Hükümetin salgın döneminde 2,5 milyar dolar tutarında sosyal yardım ve mali destek paketi uyguladığını belirten Aliyev, "Sosyal yardım faaliyetimiz 5 milyon insanı kapsadı, bu da ülke nüfusunun yarısı demektir.

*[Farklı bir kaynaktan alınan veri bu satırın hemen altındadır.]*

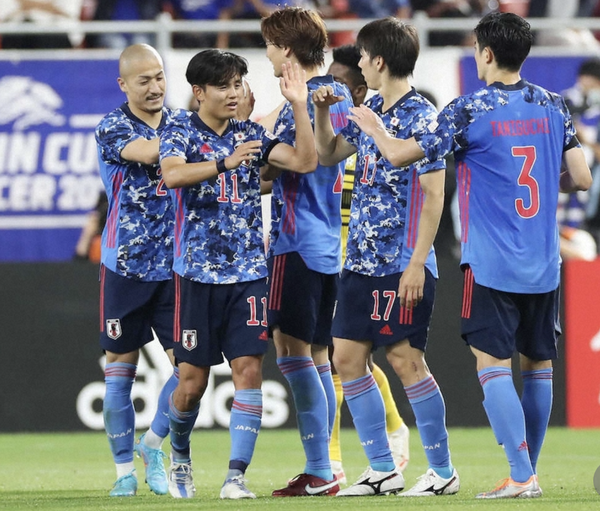 スクリーンショット 2022-06-13 11.03.49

Salgınla mücadele hiçbir yurt dışı mali destek almadan sadece kendi iç kaynaklarımızla finanse edildi" dedi. 

Aliyev, salgın döneminde Dünya Sağlık Örgütü (DSÖ) ile sıkı temasta olduklarını vurgulayarak, "DSÖ'ye toplam 10 milyon dolar yardımda bulunduk. Azerbaycan aynı zamanda bugüne kadar 30'dan fazla ülkeye insani ve mali yardım sağlamıştır" diye konuştu.

"Ermenistan küresel ateşkes çağrısını hiçe saydı"

BM Genel Sekreterinin salgın döneminde küresel ateşkesle ilgili çağrısını Azerbaycan olarak desteklediklerini ifade eden Aliyev, fakat bu çağrının Azerbaycan topraklarını 30 yıldır işgal altında tutan Ermenistan tarafından hiçe sayıldığına vurgu yaptı.

Aliyev, Erivan yönetiminin son 2 yılda müzakere sürecini bilinçli şekilde sekteye uğrattığının altını çizerek, Ermenistan'ın 27 Eylül'de Azerbaycan'a karşı geniş kapsamlı askeri provokasyon gerçekleştirdiğini dile getirdi.

Ermenistan ordusunun 44 gün boyunca Azerbaycan'ın sivil yerleşim birimlerine top ve füze saldırıları gerçekleştirdiğini hatırlatan Aliyev, 11'i çocuk 94 sivilin yaşamını yitirdiğini, 400'den fazla sivilin de yaralandığını kaydetti.

"Dağlık Karabağ sorunu askeri ve politik yollarla çözüldü"

Aliyev, Azerbaycan ordusunun başlattığı karşı saldırıda işgal altındaki topraklardan bir kısmını kurtardığını, diğer kısmının da Ermenistan'ın imzalamak zorunda kaldığı ateşkes bildirisi gereği Azerbaycan'a iade edildiğini hatırlatarak, şunları söyledi:

"Yaklaşık 1 aydır ateşkese uyuluyor. Türkiye ve Rusya, Ortak Ateşkes İzleme Merkezi aracılığıyla ateşkesin sürdürülmesinde önemli rol oynuyor. Böylece Dağlık Karabağ sorunu askeri ve politik yollarla çözüldü. Uluslararası hukuka (Ermenistan tarafından) aldırış edilmemesi nedeniyle, BM Güvenlik Konseyi kararlarının güç kullanılarak uygulanması kaçınılmazdı. Sonuç olarak, saldırgan devlet barış yapmak zorunda kaldı."